Chakian traz em seu livro as reflexões de Kate Millet: ao atribuirmos determinadas características à personalidade das mulheres, como o fez Freud, foram desconsiderados, fatores como educação e fatores de socialização que fizeram – e fazem – com que mulheres tenham uma postura mais passiva, por exemplo[5].
Um exemplo de como a sociedade patriarcal tenta controlar os corpos das mulheres pode ser visto na novela Gabriela de 2012. Coronel Justino (interpretado por José Wilker) dizia: “deite que eu vou lhe usar”[6], sempre que queria ter relações sexuais com a mulher, Sinhazinha (interpretada por Maitê Proença). Não interessava se ela não queria, se ela não estava disposta, afinal, estava ali para servi-lo sexualmente. Este seria o papel de uma “verdadeira dama da sociedade”.

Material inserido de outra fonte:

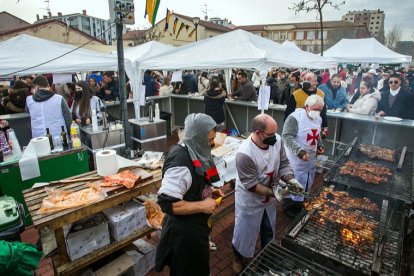 El Mercado Medieval de Gamonal ha superado con creces su expectativas. TOMÁS ALONSO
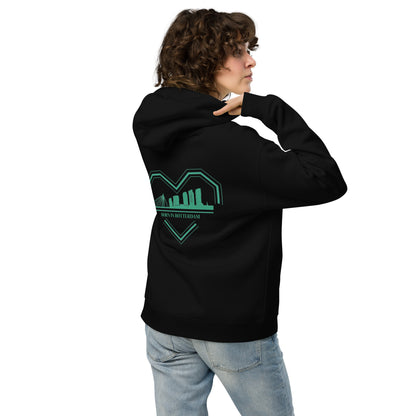 "Groen-wit ontwerp van een gebroken hart met skyline van Rotterdam en de tekst 'BØRN IN RØTTERDAM' eronder, gedrukt op een oversized TRØBL hoodie."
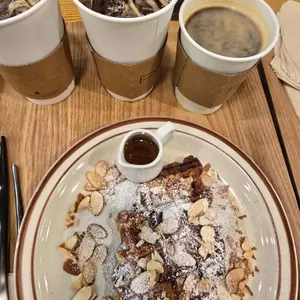 카페 포즈 사진
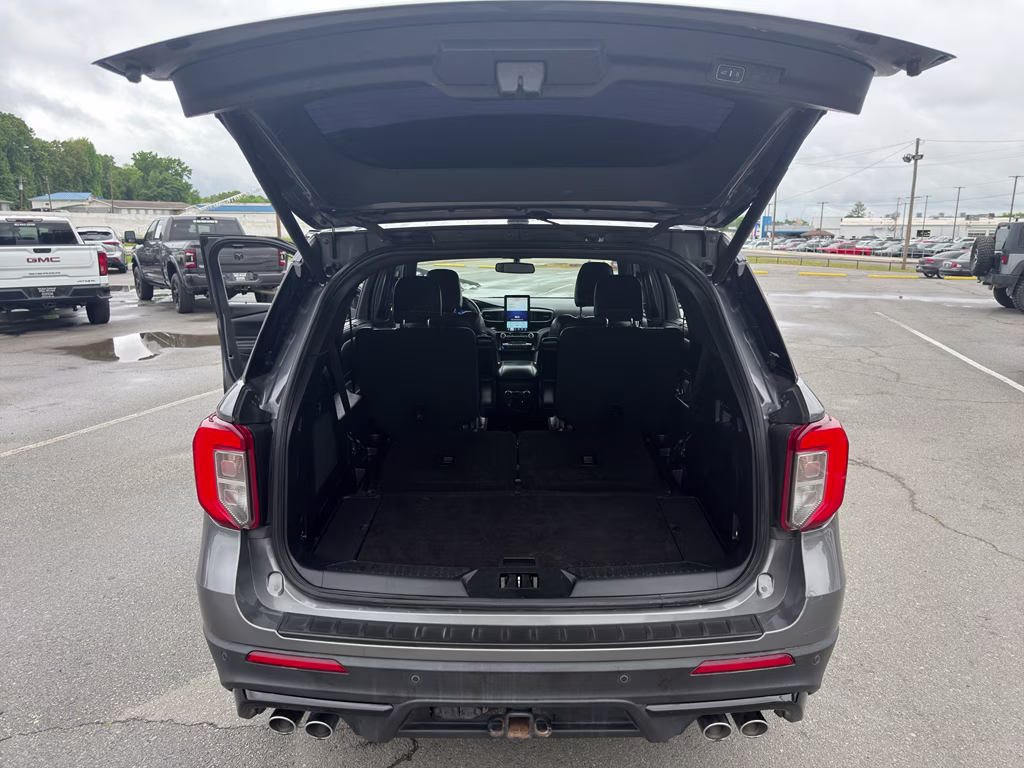 2021 Carbonized Gray Metallic Ford Explorer ST 4X4 SUV
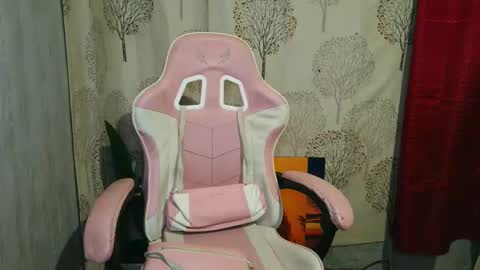 Snapshot of urdollacyl chatting on April 7, 3:23 pm Sweetacyl online show from April 7, 3:23 pm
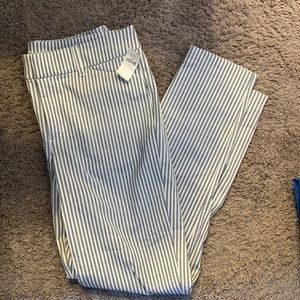 Old Navy Pixie Pants, women’s size 6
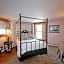 Highland Lake Inn
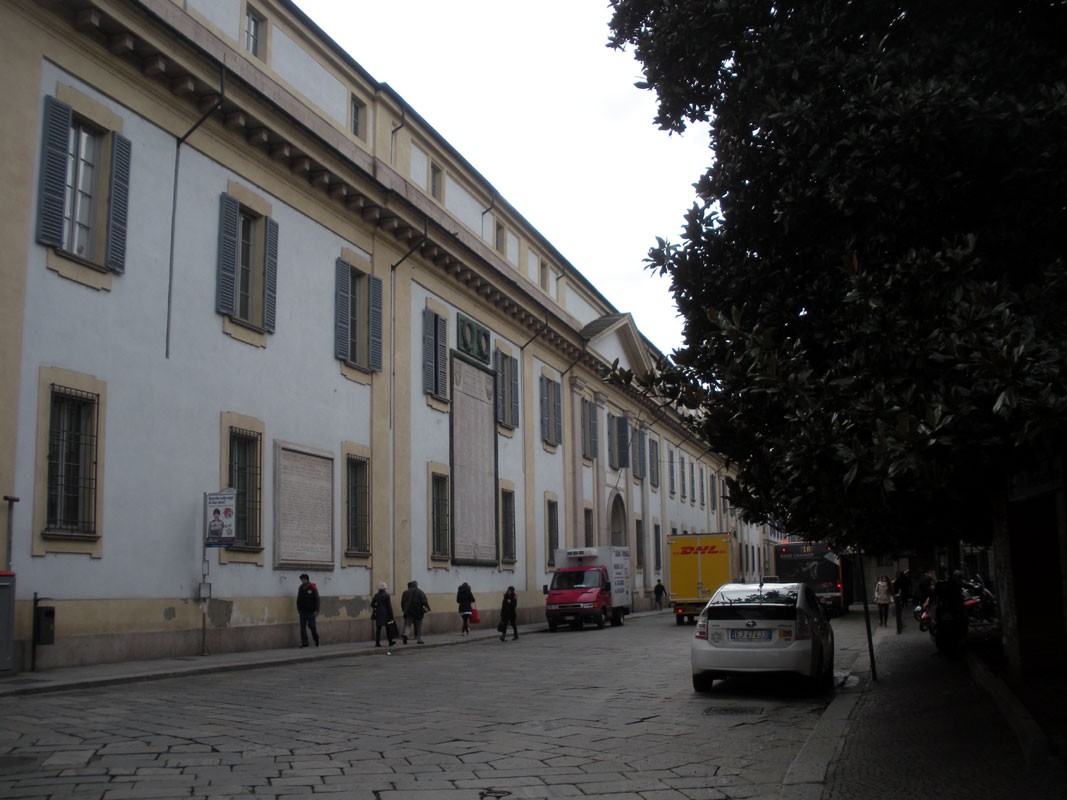 Lapide commemorativa dei caduti per la Liberazione di Pavia, collocata su un edificio storico della città.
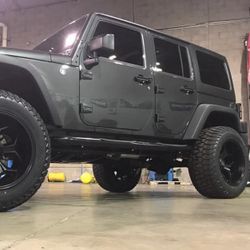3.25" Lift Kit With FOX Shock & Installation. 07-18 JEEP Wrangler Limited Sahara Sport JK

Quando então, no mencionado reality, uma mulher se comporta de uma forma considerada incorreta segundo os padrões da sociedade patriarcal (ex: falando abertamente, sem tabus sobre sexo), ela é logo descartada pelo pretendente, que não pode conceber um casamento com uma mulher tão “para frente”, dona de si e do próprio corpo.
São as consideradas mulheres “para frente” que tem, ao longo das décadas, desconstruído o machismo de cada dia. Quando Iza canta Dona de mim, leva uma mensagem muito forte para as mulheres. Afinal, já dizia Rita Lee: “toda mulher é meio Leila Diniz”, uma mulher revolucionária, que desafiou o conservadorismo e a ditadura e quase foi presa por ser considerada uma ameaça à família brasileira. Não devemos aceitar a opressão. Não devemos deixar que nada nos limite ou aprisione. O século é o XXI e ainda seguimos na luta, “mexendo e remexendo na Inquisição”[7].
Notas de rodapé
[1] CHAKIAN, Silvia. A construção dos direitos das mulheres. Rio de Janeiro: Lumen Juris, 2 ed, 2020. p. 27.
[2] Disponível em: https://www.legiaodosherois.com.br/2023/a-pequena-sereia-live-action-mudou-letra-musicas.html Acesso em 15 jun. 2023.
[3] ZANELLO, Valeska. A prateleira do amor. Curitiba: Appris, 2022. p. 46.
[4] Idem, p. 44.
[5] CHAKIAN, op. cit., pp. 33-34.
[6] Cena disponível em: https://www.youtube.com/watch?v=evkddgc_g3M. Acesso em 15 jun. 2023.
[7] Trecho de Pagu, de Rita Lee e Zelia Duncan.